I enjoy traveling between sites and seeing how different farms operate and I enjoy meeting new staff and listening to their views about the work that they do.

What piece of advice would you give someone new to the industry?

Hard work will be recognised and in time pay off.


Case Study 7


How did you get into the industry?

I studied journalism and although from a rural background I knew very little about the poultry industry, and it’s fascinating. One piece of advice that I could offer is to do as much research as possible before applying for a job, and especially before any interview.

What is a typical day for you?

I will be out of the office, usually visiting a farm, a processing plant, or a conference, interviewing people or watching people speak. Networking with people is an important part of my job, as is getting out and seeing things for myself. I might take a camera along as well, and produce a short video for the web to link into any article produced.

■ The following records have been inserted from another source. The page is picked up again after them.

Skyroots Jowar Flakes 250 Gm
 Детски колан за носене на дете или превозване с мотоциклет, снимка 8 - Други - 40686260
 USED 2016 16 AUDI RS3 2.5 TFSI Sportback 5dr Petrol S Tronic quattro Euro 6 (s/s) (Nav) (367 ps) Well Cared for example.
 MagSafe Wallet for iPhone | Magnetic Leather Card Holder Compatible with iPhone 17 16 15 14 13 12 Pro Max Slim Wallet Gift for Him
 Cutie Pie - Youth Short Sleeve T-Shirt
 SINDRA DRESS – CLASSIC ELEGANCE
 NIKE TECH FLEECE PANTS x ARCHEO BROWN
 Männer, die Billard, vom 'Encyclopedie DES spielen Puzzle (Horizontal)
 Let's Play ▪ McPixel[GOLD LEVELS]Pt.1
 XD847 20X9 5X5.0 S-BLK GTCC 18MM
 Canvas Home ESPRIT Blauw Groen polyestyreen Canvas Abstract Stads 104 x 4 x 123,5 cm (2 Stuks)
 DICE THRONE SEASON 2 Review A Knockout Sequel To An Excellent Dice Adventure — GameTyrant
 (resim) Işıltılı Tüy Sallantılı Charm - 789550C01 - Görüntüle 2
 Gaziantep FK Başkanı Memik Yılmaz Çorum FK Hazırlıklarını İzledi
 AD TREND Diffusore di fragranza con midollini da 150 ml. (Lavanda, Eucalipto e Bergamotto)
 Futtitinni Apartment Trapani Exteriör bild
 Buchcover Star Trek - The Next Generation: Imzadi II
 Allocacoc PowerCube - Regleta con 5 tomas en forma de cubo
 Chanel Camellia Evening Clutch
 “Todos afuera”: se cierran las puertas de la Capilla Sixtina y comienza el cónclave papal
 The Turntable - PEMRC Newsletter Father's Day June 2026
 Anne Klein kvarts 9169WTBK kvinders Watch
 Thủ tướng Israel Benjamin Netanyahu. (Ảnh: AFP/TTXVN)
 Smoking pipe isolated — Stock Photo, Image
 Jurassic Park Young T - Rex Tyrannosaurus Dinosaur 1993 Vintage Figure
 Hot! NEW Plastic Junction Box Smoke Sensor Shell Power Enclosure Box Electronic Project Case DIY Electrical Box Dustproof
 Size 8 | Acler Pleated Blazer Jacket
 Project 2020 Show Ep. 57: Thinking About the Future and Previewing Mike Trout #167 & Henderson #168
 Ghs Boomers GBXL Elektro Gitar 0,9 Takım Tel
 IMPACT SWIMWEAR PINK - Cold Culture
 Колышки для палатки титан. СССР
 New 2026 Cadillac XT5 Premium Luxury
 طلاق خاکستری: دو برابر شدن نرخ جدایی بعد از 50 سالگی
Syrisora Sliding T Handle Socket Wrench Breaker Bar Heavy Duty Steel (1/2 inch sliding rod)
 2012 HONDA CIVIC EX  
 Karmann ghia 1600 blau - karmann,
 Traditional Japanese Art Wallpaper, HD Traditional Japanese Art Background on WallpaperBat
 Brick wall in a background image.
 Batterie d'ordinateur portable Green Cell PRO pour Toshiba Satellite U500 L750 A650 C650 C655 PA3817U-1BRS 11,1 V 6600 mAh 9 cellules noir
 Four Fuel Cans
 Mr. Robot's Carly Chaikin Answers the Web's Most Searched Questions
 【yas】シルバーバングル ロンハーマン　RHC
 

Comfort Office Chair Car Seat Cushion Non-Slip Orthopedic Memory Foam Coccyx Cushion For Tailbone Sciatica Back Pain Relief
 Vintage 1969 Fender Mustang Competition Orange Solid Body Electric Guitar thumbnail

What’s most rewarding about your job?

The travel and the social nature of the job, as well as the satisfaction of uncovering a good news story. It’s always a good feeling when the finished magazine is delivered into the office.

What piece of advice would you give someone new to the industry?

If you’re looking for an agri-journalism position, and are from a farming background, I would recommend some formal journalism training. Getting work experience and building up a portfolio of work are also both really important.



The sheer scale of Britain’s poultry industry and its vital role in the wider food and drink sector make it a great career choice in a front-line industry that feeds the nation. From farm to fork, we need skilled and dedicated people who will take pride in putting food on the plates of the nation.